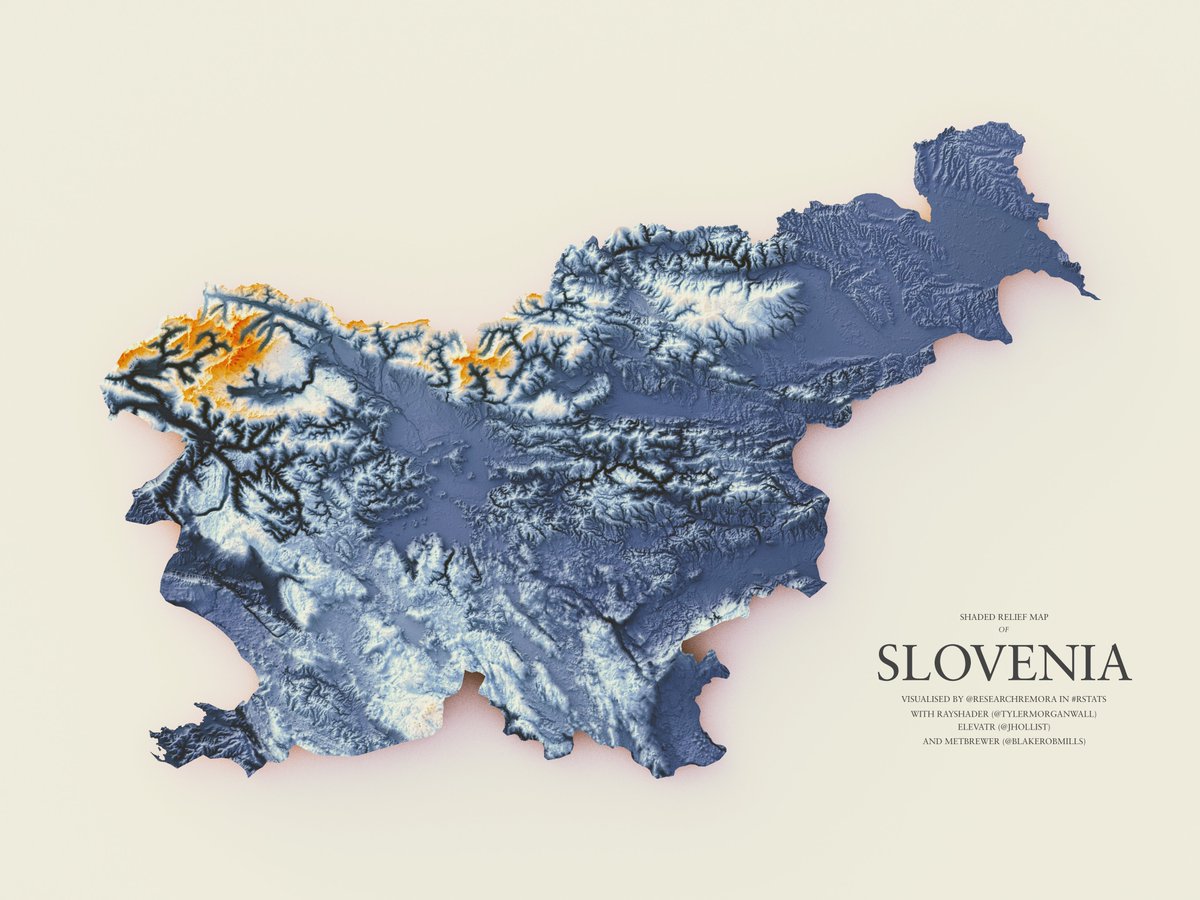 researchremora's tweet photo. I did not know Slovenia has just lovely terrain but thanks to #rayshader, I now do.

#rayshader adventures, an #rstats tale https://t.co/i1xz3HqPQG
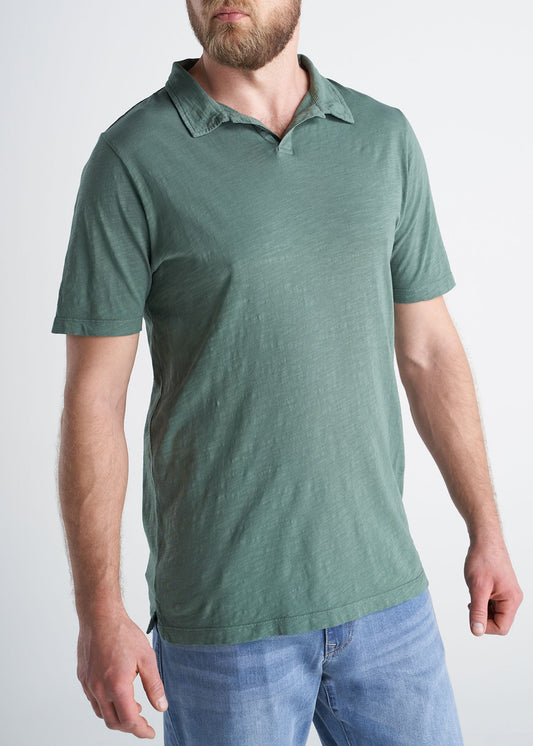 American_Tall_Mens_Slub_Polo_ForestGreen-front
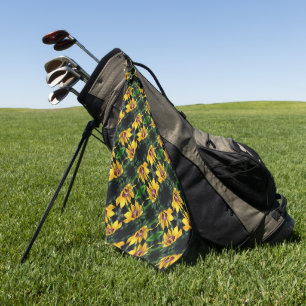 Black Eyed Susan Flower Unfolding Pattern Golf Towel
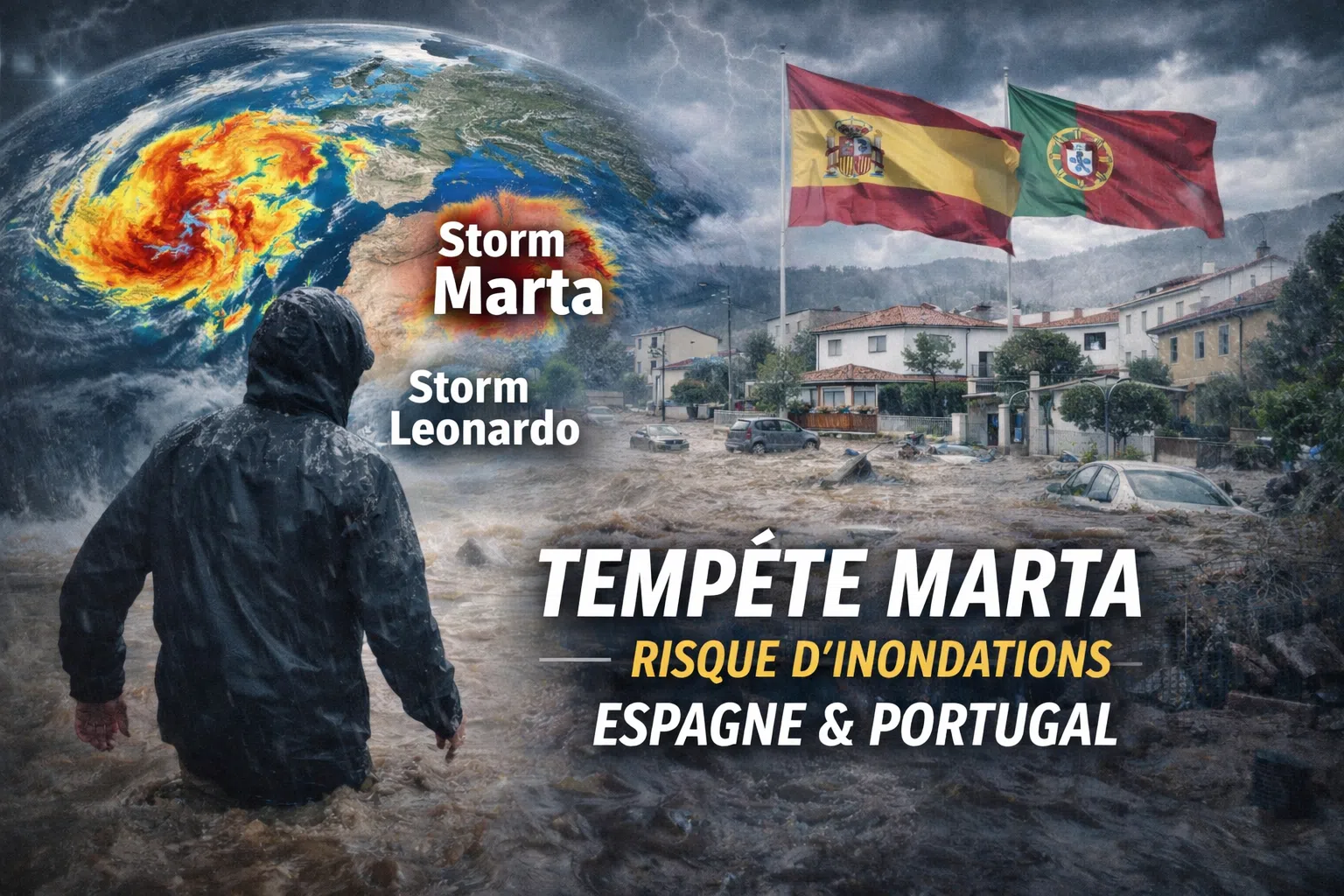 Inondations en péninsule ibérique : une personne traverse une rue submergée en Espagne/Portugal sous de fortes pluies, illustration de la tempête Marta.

Task directions: An exact transcription of the material is required, without any pictures.

Your solution:
 researchremora's tweet photo. I did not know Slovenia has just lovely terrain but thanks to #rayshader, I now do.

#rayshader adventures, an #rstats tale https://t.co/i1xz3HqPQG
 American_Tall_Mens_Slub_Polo_ForestGreen-front
 Black Eyed Susan Flower Unfolding Pattern Golf Towel
 Inondations en péninsule ibérique : une personne traverse une rue submergée en Espagne/Portugal sous de fortes pluies, illustration de la tempête Marta.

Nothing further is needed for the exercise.